My son and I are looking at making a trip to the Marquette area the third week in August to do a little trout fishing and bike riding up there. I have some idea on what rivers to try, but what would you suggest to take along in the way of flys for that area at that time of the year? Also, what might the black flies and mosquitos be like then?


----------



## zig (Aug 5, 2009)

I can't help you much on the flies to use. My experience is that the black flies should be gone by then. Mosquitoes may be really bad to hit and miss to not many at all. You'll be on the tail end of them, so it will just depend.


----------



## slabstar (Feb 25, 2009)

Fishalot said:


> My son and I are looking at making a trip to the Marquette area the third week in August to do a little trout fishing and bike riding up there. I have some idea on what rivers to try, but what would you suggest to take along in the way of flys for that area at that time of the year? Also, what might the black flies and mosquitos be like then?


The bugs are always bad! Hoppers or muddlers will catch trout! If your riding dirt bikes-try trail 5 from ishpheming to bigbay! GOodluck!
_Posted via Mobile Device_


----------



## kurtlind (Apr 28, 2010)

Try royal coachmans for brookies and hoppers for browns. Do you have a place to stay? If not, let me know - i have a cabin i rent wiht 2 trout streams on it and lots of biking trails adjoining it.

Cheers - kurt.


----------



## zig (Aug 5, 2009)

Obviously every trip differs. But, I have had several experiences in mid to late August in Northern Michigan (both northern lower and UP) with hardly any bugs. It just depends. I cannot say the same for May, June or July.


----------



## Forest Meister (Mar 7, 2010)

You shouldn't even notice the mosquitos by August. There will be so many deer flies buzzing around you that the other insects won't be able to get through.:yikes: Just kidding.......maybe.

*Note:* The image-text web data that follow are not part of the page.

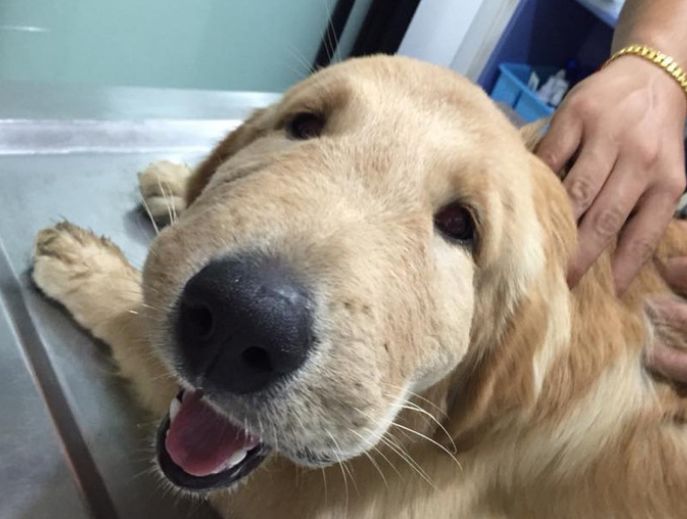 哈士奇遇上刺猬,胆子大到直接用嘴咬,结果脸肿到主人都认不出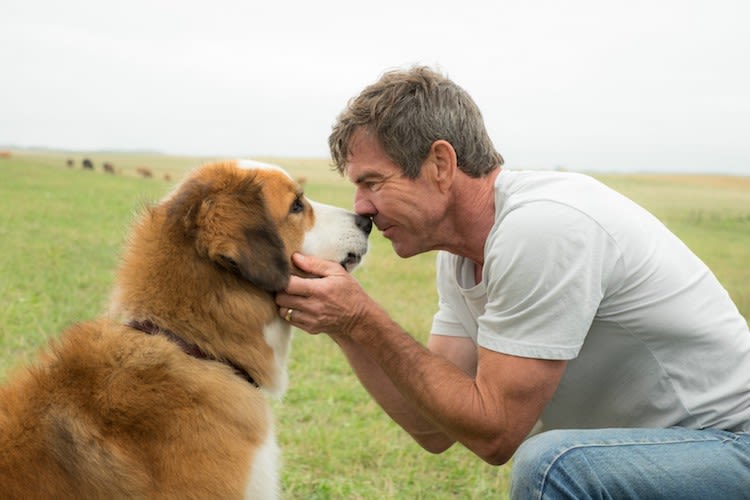Maltraitance : un chien jeté à l’eau lors d’un tournage
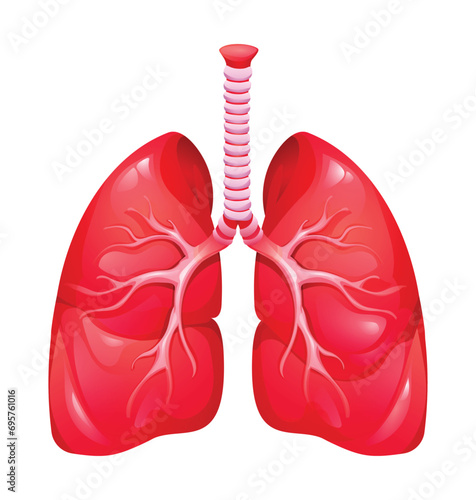 Human lungs. Anatomy of respiratory organ system. Vector illustration isolated on white background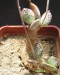 Adromischus schuldtianus ssp.juttae, Signalberg, RSA.jpg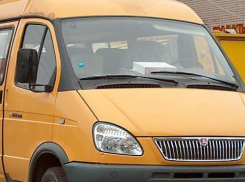 В Воронежской области сотрудники ГИБДД проверили более полутора тысяч автобусов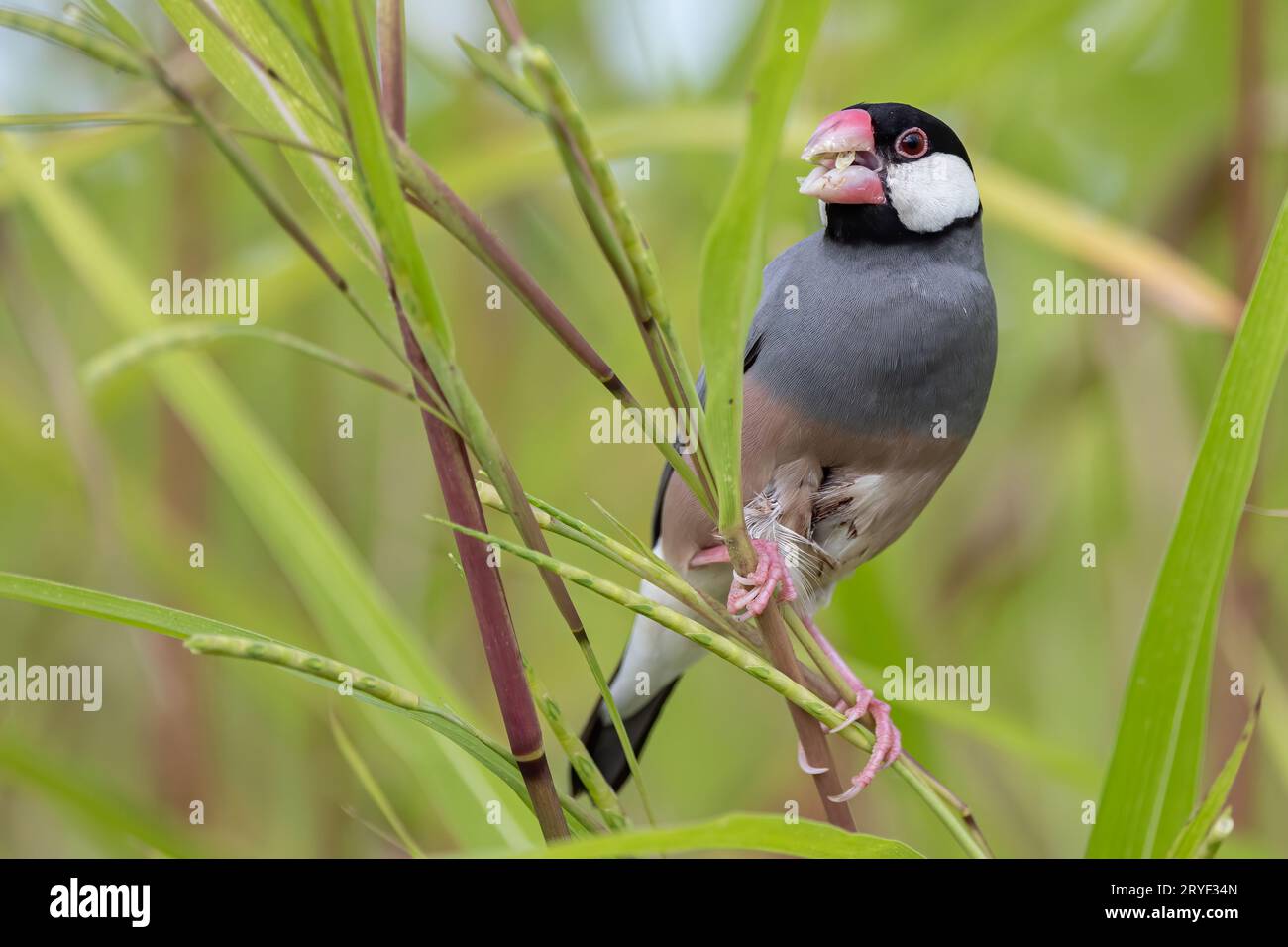 Natura immagine della fauna selvatica di un uccello bello giava passero (Lonchura oryzivora) Foto Stock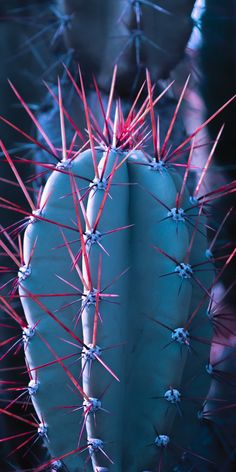 a cactus with pink spikes on it's head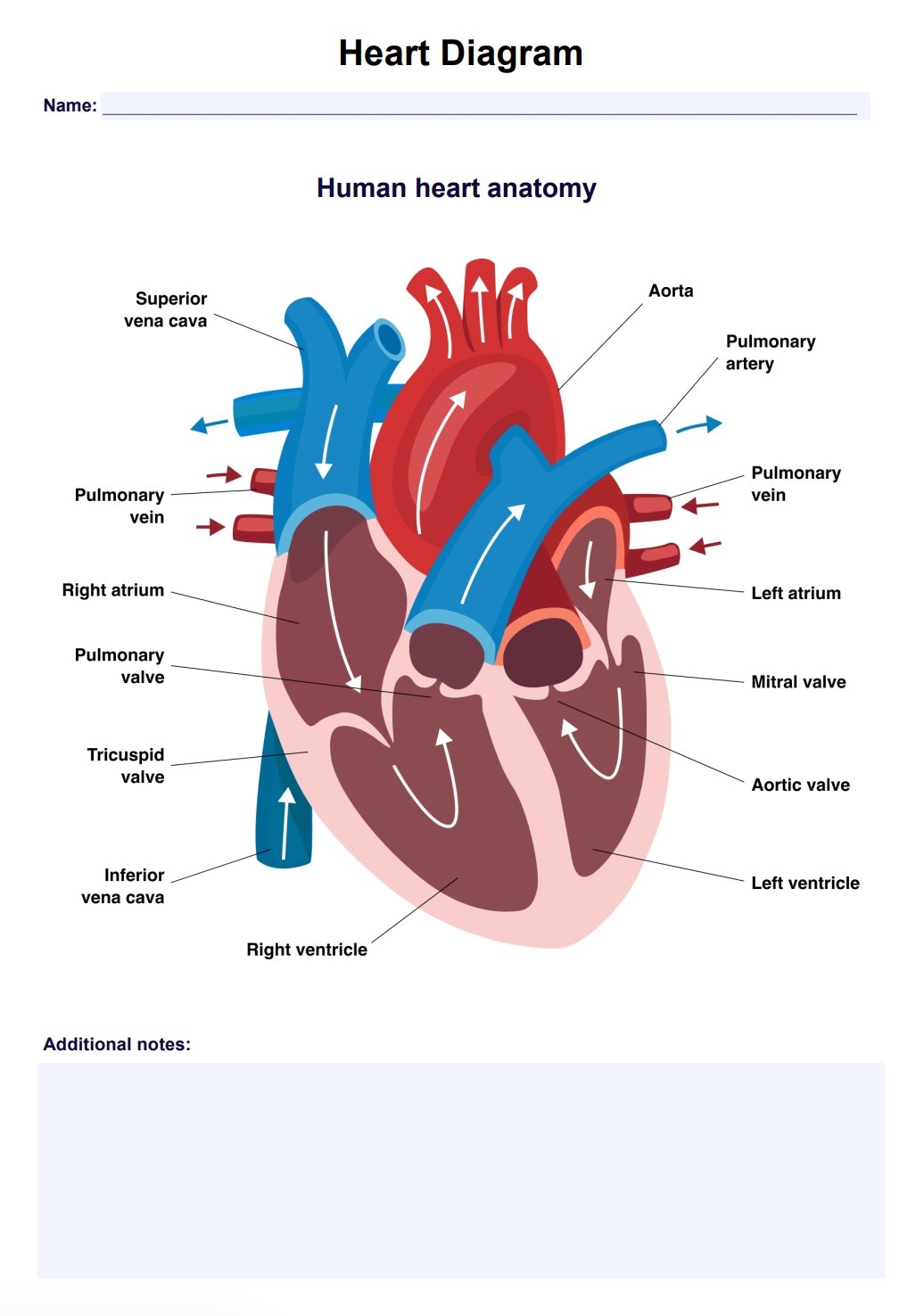 Heart Diagram Heart Diagram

If I couldn't use bait and were restricted to one fly it would be a Hornberg. Fished on ultra light spinning gear with a split shot 15" above the fly I have seen it outfish crawlers in hot weather 2 to 1 for brookies. It seems to work well for browns and 'bows too.


----------



## Fishalot (Aug 25, 2008)

Thanks for the input everyone. We are all set with a place to stay and we will be doing some road bicycle riding, have some routes already planned from another website. Thanks for the fly ideas and I guess I will just come prepared with the appropriate protection in case the bugs happen to be bad.


----------